[MATERIAL SUPPLIED — start]

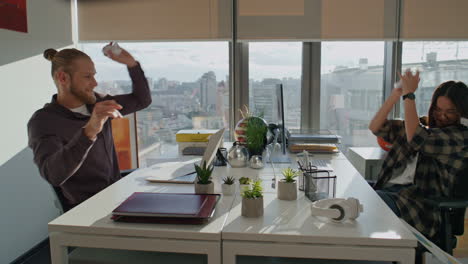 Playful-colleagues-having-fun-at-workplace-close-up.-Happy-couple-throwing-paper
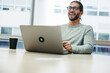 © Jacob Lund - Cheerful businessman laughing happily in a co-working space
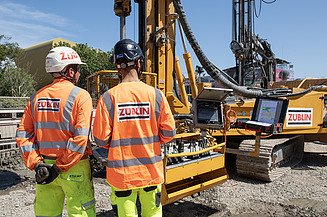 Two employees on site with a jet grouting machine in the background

[MATERIAL SUPPLIED — finish]
[MATERIAL SUPPLIED — start]

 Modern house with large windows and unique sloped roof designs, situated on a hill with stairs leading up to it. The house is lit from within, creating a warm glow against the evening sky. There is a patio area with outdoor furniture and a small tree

[MATERIAL SUPPLIED — finish]

Leaving out each picture, repeat exactly the lines above from the one that contains "a co-working space" through the one that contains "Two employees on".

 © Jacob Lund - Cheerful businessman laughing happily in a co-working space
 Two employees on site with a jet grouting machine in the background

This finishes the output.